The hawk camp wants to taper, and some want to focus on the MBS purchases, and the sooner, the better. The dove camp is in no hurry and seems somewhat less convinced that those purchases drive up house prices, which have continued to soar at a record pace according to the S&P CoreLogic Case-Shiller 20-city 17% year-over-year in May. The FHFA house price index has risen by more than 1% a month since June 2020. It is more than twice the pace that it had averaged in 2016-2019. 

In practical terms, the hawks seem to prefer tapering later this year, which if this window is going to remain open, some clearer guidance needs to be provided soon (September). The doves may be more inclined to start the actual tapering next year, clear of the debt ceiling issue, and have a better understanding of the sustainability of price pressures and after income support programs expire.

Tactically, with note and bond yields at several month lows and record-low real rates, some officials see these conditions as ideal to announce its intention to taper in the coming months. The market has provided a cushion for an exaggerated reaction that cannot be ruled out.
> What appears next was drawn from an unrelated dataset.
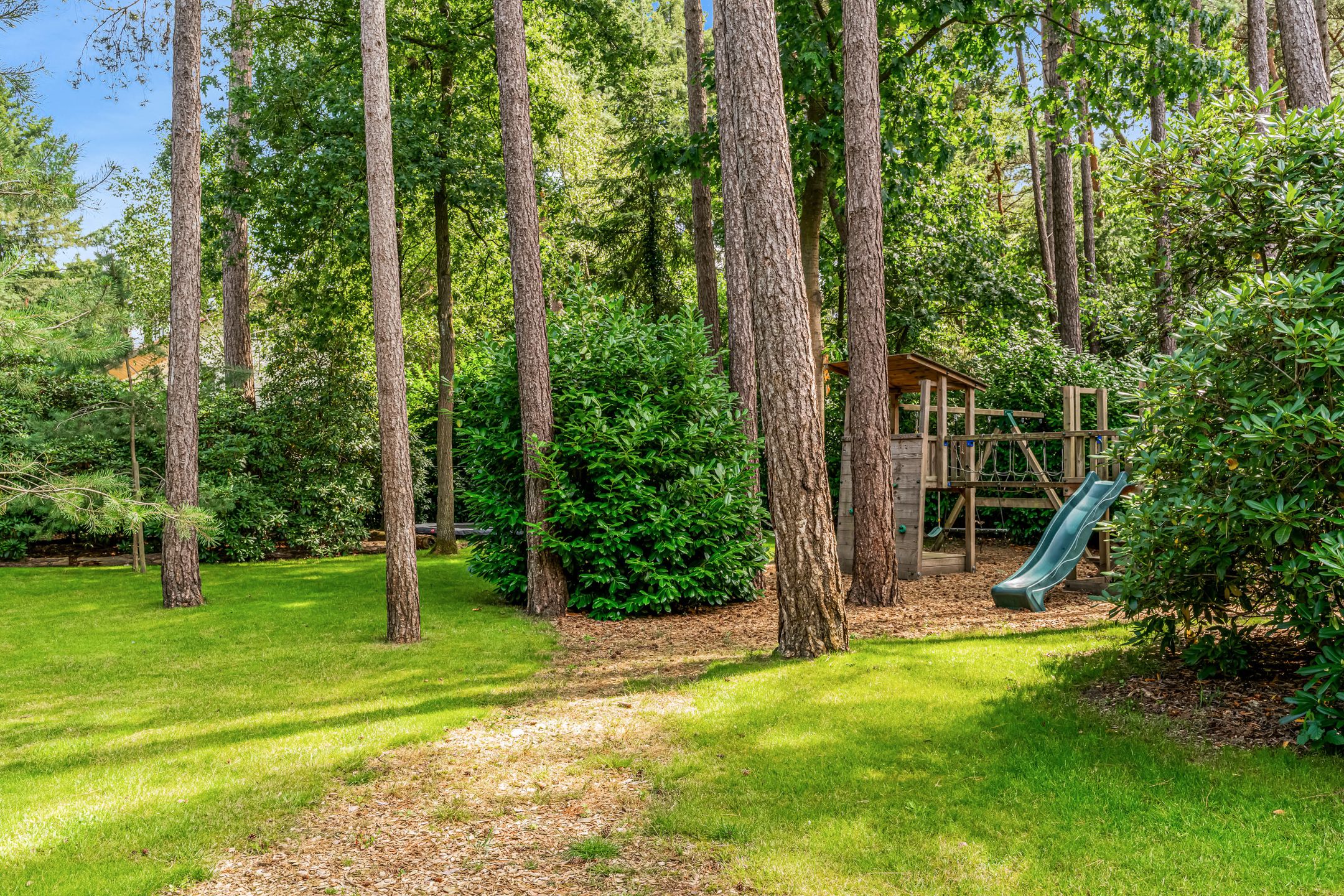 Foto 90 van Mesdaglaan 10-A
For long-term investors and corporate Treasurers, it might not be a big difference between tapering late 2021 or early 2022. However, many will extrapolate from slowly taking a foot off the accelerator to tapping on the brake. The December 2022 Eurodollar futures contract implies a three-month yield in 16 months of about 40 bps. The current three-month rate is about 13 bps. That implies a 25 bps hike is anticipated. Recall that a significant minority of Fed officials (7/18) anticipated in June that a hike by the end of next year would be appropriate.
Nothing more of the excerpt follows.